[Work request]:
Exactly as given, transcribe each entry that follows.

Dataset excerpts: Begin

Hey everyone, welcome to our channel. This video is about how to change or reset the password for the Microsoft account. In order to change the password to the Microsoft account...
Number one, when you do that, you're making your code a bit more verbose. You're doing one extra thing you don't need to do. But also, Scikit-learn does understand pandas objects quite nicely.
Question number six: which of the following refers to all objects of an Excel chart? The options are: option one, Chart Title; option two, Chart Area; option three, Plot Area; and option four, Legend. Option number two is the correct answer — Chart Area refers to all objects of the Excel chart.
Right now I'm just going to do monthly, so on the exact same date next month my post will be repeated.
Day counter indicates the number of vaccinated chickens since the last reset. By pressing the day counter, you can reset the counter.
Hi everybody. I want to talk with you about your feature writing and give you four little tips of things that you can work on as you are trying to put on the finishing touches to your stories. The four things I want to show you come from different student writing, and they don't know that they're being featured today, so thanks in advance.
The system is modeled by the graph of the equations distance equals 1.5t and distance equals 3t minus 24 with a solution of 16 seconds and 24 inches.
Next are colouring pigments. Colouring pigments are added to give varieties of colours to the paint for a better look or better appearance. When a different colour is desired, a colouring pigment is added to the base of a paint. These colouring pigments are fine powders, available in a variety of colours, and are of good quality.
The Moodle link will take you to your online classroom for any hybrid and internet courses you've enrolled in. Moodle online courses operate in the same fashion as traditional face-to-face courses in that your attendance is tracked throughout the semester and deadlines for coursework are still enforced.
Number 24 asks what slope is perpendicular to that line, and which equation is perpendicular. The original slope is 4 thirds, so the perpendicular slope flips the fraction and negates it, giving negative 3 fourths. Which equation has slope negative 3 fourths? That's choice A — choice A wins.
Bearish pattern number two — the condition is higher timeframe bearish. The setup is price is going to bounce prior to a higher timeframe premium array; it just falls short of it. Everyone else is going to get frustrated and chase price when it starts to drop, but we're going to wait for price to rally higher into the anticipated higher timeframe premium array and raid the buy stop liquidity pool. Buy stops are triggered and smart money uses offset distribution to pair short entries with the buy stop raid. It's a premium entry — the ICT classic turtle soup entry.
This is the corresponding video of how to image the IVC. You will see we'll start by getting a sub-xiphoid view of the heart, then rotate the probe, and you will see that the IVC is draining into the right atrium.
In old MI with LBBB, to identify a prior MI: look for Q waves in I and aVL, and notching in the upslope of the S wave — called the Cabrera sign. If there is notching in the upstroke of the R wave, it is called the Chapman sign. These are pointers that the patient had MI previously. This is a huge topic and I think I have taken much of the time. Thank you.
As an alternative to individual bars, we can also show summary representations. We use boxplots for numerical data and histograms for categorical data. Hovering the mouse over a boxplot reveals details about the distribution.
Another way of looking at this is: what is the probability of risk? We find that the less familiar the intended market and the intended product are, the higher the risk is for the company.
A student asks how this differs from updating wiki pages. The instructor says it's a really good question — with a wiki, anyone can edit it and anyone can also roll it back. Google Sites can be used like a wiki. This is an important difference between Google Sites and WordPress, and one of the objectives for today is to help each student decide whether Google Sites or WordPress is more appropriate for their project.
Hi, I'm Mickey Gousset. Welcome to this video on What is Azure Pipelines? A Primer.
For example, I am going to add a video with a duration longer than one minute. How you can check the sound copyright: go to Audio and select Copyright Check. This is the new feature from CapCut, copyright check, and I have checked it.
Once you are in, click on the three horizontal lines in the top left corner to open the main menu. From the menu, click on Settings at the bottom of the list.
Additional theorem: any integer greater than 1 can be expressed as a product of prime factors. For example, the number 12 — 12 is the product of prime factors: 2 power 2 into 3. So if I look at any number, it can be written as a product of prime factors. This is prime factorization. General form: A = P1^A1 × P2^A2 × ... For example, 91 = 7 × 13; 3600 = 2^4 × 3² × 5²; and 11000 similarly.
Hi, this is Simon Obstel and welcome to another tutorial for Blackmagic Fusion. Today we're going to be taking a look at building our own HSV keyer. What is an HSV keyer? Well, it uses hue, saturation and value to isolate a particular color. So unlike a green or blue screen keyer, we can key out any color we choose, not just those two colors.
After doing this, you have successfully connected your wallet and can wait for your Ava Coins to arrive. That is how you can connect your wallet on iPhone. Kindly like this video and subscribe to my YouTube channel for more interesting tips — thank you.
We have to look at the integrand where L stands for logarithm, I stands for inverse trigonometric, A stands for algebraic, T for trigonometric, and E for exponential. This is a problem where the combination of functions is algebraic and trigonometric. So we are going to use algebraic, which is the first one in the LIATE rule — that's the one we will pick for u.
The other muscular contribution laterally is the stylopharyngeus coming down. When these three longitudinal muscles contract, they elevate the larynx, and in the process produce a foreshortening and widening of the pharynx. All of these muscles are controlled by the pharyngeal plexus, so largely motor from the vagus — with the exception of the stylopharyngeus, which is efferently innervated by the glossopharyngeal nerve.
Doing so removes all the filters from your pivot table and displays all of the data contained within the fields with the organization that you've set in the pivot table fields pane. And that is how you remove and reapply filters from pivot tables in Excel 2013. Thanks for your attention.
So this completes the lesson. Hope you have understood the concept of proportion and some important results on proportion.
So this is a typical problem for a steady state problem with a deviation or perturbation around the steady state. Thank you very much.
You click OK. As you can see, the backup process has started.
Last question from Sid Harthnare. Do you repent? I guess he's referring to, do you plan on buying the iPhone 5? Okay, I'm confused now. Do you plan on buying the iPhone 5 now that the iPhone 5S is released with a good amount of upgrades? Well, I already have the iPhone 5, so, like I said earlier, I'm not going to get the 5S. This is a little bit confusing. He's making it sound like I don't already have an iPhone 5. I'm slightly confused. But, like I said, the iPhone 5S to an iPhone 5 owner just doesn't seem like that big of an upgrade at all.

Dataset excerpts: End

[Task answer]:
Hey everyone, welcome to our channel. This video is about how to change or reset the password for the Microsoft account. In order to change the password to the Microsoft account...
Number one, when you do that, you're making your code a bit more verbose. You're doing one extra thing you don't need to do. But also, Scikit-learn does understand pandas objects quite nicely.
Question number six: which of the following refers to all objects of an Excel chart? The options are: option one, Chart Title; option two, Chart Area; option three, Plot Area; and option four, Legend. Option number two is the correct answer — Chart Area refers to all objects of the Excel chart.
Right now I'm just going to do monthly, so on the exact same date next month my post will be repeated.
Day counter indicates the number of vaccinated chickens since the last reset. By pressing the day counter, you can reset the counter.
Hi everybody. I want to talk with you about your feature writing and give you four little tips of things that you can work on as you are trying to put on the finishing touches to your stories. The four things I want to show you come from different student writing, and they don't know that they're being featured today, so thanks in advance.
The system is modeled by the graph of the equations distance equals 1.5t and distance equals 3t minus 24 with a solution of 16 seconds and 24 inches.
Next are colouring pigments. Colouring pigments are added to give varieties of colours to the paint for a better look or better appearance. When a different colour is desired, a colouring pigment is added to the base of a paint. These colouring pigments are fine powders, available in a variety of colours, and are of good quality.
The Moodle link will take you to your online classroom for any hybrid and internet courses you've enrolled in. Moodle online courses operate in the same fashion as traditional face-to-face courses in that your attendance is tracked throughout the semester and deadlines for coursework are still enforced.
Number 24 asks what slope is perpendicular to that line, and which equation is perpendicular. The original slope is 4 thirds, so the perpendicular slope flips the fraction and negates it, giving negative 3 fourths. Which equation has slope negative 3 fourths? That's choice A — choice A wins.
Bearish pattern number two — the condition is higher timeframe bearish. The setup is price is going to bounce prior to a higher timeframe premium array; it just falls short of it. Everyone else is going to get frustrated and chase price when it starts to drop, but we're going to wait for price to rally higher into the anticipated higher timeframe premium array and raid the buy stop liquidity pool. Buy stops are triggered and smart money uses offset distribution to pair short entries with the buy stop raid. It's a premium entry — the ICT classic turtle soup entry.
This is the corresponding video of how to image the IVC. You will see we'll start by getting a sub-xiphoid view of the heart, then rotate the probe, and you will see that the IVC is draining into the right atrium.
In old MI with LBBB, to identify a prior MI: look for Q waves in I and aVL, and notching in the upslope of the S wave — called the Cabrera sign. If there is notching in the upstroke of the R wave, it is called the Chapman sign. These are pointers that the patient had MI previously. This is a huge topic and I think I have taken much of the time. Thank you.
As an alternative to individual bars, we can also show summary representations. We use boxplots for numerical data and histograms for categorical data. Hovering the mouse over a boxplot reveals details about the distribution.
Another way of looking at this is: what is the probability of risk? We find that the less familiar the intended market and the intended product are, the higher the risk is for the company.
A student asks how this differs from updating wiki pages. The instructor says it's a really good question — with a wiki, anyone can edit it and anyone can also roll it back. Google Sites can be used like a wiki. This is an important difference between Google Sites and WordPress, and one of the objectives for today is to help each student decide whether Google Sites or WordPress is more appropriate for their project.
Hi, I'm Mickey Gousset. Welcome to this video on What is Azure Pipelines? A Primer.
For example, I am going to add a video with a duration longer than one minute. How you can check the sound copyright: go to Audio and select Copyright Check. This is the new feature from CapCut, copyright check, and I have checked it.
Once you are in, click on the three horizontal lines in the top left corner to open the main menu. From the menu, click on Settings at the bottom of the list.
Additional theorem: any integer greater than 1 can be expressed as a product of prime factors. For example, the number 12 — 12 is the product of prime factors: 2 power 2 into 3. So if I look at any number, it can be written as a product of prime factors. This is prime factorization. General form: A = P1^A1 × P2^A2 × ... For example, 91 = 7 × 13; 3600 = 2^4 × 3² × 5²; and 11000 similarly.
Hi, this is Simon Obstel and welcome to another tutorial for Blackmagic Fusion. Today we're going to be taking a look at building our own HSV keyer. What is an HSV keyer? Well, it uses hue, saturation and value to isolate a particular color. So unlike a green or blue screen keyer, we can key out any color we choose, not just those two colors.
After doing this, you have successfully connected your wallet and can wait for your Ava Coins to arrive. That is how you can connect your wallet on iPhone. Kindly like this video and subscribe to my YouTube channel for more interesting tips — thank you.
We have to look at the integrand where L stands for logarithm, I stands for inverse trigonometric, A stands for algebraic, T for trigonometric, and E for exponential. This is a problem where the combination of functions is algebraic and trigonometric. So we are going to use algebraic, which is the first one in the LIATE rule — that's the one we will pick for u.
The other muscular contribution laterally is the stylopharyngeus coming down. When these three longitudinal muscles contract, they elevate the larynx, and in the process produce a foreshortening and widening of the pharynx. All of these muscles are controlled by the pharyngeal plexus, so largely motor from the vagus — with the exception of the stylopharyngeus, which is efferently innervated by the glossopharyngeal nerve.
Doing so removes all the filters from your pivot table and displays all of the data contained within the fields with the organization that you've set in the pivot table fields pane. And that is how you remove and reapply filters from pivot tables in Excel 2013. Thanks for your attention.
So this completes the lesson. Hope you have understood the concept of proportion and some important results on proportion.
So this is a typical problem for a steady state problem with a deviation or perturbation around the steady state. Thank you very much.
You click OK. As you can see, the backup process has started.
Last question from Sid Harthnare. Do you repent? I guess he's referring to, do you plan on buying the iPhone 5? Okay, I'm confused now. Do you plan on buying the iPhone 5 now that the iPhone 5S is released with a good amount of upgrades? Well, I already have the iPhone 5, so, like I said earlier, I'm not going to get the 5S. This is a little bit confusing. He's making it sound like I don't already have an iPhone 5. I'm slightly confused. But, like I said, the iPhone 5S to an iPhone 5 owner just doesn't seem like that big of an upgrade at all.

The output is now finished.